Nach ganz Europa, Asien und in die USA wurde Claus Mattheck eingeladen, um Baumpflegern dort die Körpersprache der Bäume nahezubringen. "Man sollte nur noch nach VTA Bäume untersuchen und auch Bäume kontrollieren", sagt Baumpfleger Stefan Kogge. "Und das weltweit. Weil auch ein Laie die Fakten nachvollziehen kann."

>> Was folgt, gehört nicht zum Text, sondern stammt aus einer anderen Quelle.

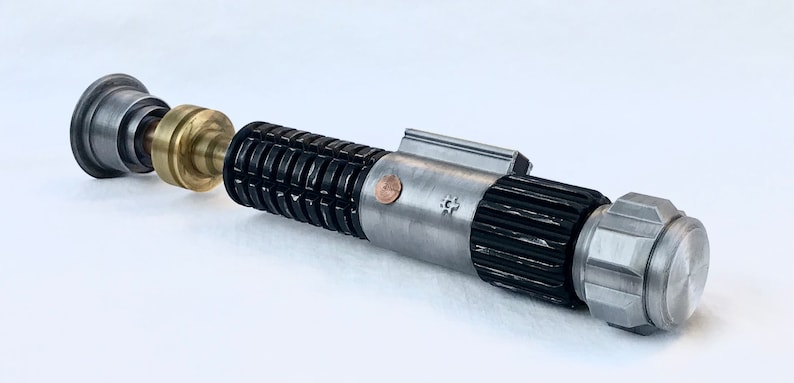 May include: A disassembled lightsaber with a silver and black body, a brass connector, and a silver cap. The lightsaber has a textured grip and a small copper coin on the side.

Nicht jeder Baum-Schaden ist optisch zu diagnostizieren. Auch diese mächtigen Pflanzen haben eine Schwachstelle in ihrer Konstruktion - die spindelförmigen Holz-Strahlen. Wie Speichen halten sie das in die Höhe wachsende Holz zusammen. Leidet ein Baum unter Wassermangel, oder sinkt er stark ab, können diese spindelförmigen Holz-Strahlen zu Rissen werden. Von außen ist das nicht erkennbar. Solche Schäden dennoch aufzuspüren, weckt den Ehrgeiz der Forscher.

Ein nie endendes Puzzle

"Die VTA-Methode ist ja nie fertig. Sobald wir etwas Neues lernen - neue Schadensfälle vorfinden - wird das aufgenommen in den VTA Symptom-Katalog", schwärmt Claus Mattheck. "Das ist eine Bibliothek von Warnsignalen in der Körpersprache der Bäume. Und so wird die Methode immer vollkommener. Bei großen Tagungen kommen neue Fragen auf oder die Baumpfleger schicken uns Fotos. Wir sind dankbar für solche Anregungen."

So haben die Forscher zum Beispiel in den letzten Jahren ein neues Symptom entdeckt, das nur der geschulte Profi erkennt. Claus Mattheck nennt es den "Angriff der Schlauchpilze". Die befallen die Oberseite von Ästen. Die dann eine kleine Wulst ausbilden.

Diese Pilze schädigen vor allem einen Lieblingsbaum von Claus Mattheck - die Platane. Aber auch Buchen und Ahorn. Die Forscher fanden das neue Symptom an langen Ästen, mit einer sogenannten stammfernen Belaubung. Claus Mattheck nennt sie "Löwenschwanzäste mit einer grünen Quaste."

Weil die so lang und schlank sind, bekommen diese Äste Mikrorisse, wenn es im Sommer sehr heiß ist und das Wasser knapp wird. Solche Mikrorisse sind das Eingangstor für die Schlauchpilze. Die gehen dann von oben nach unten immer tiefer in den Baum. Der zunehmend spröder werdende Ast bricht schließlich ab. Befallenen Bäumen müssen deshalb die Äste gestutzt werden.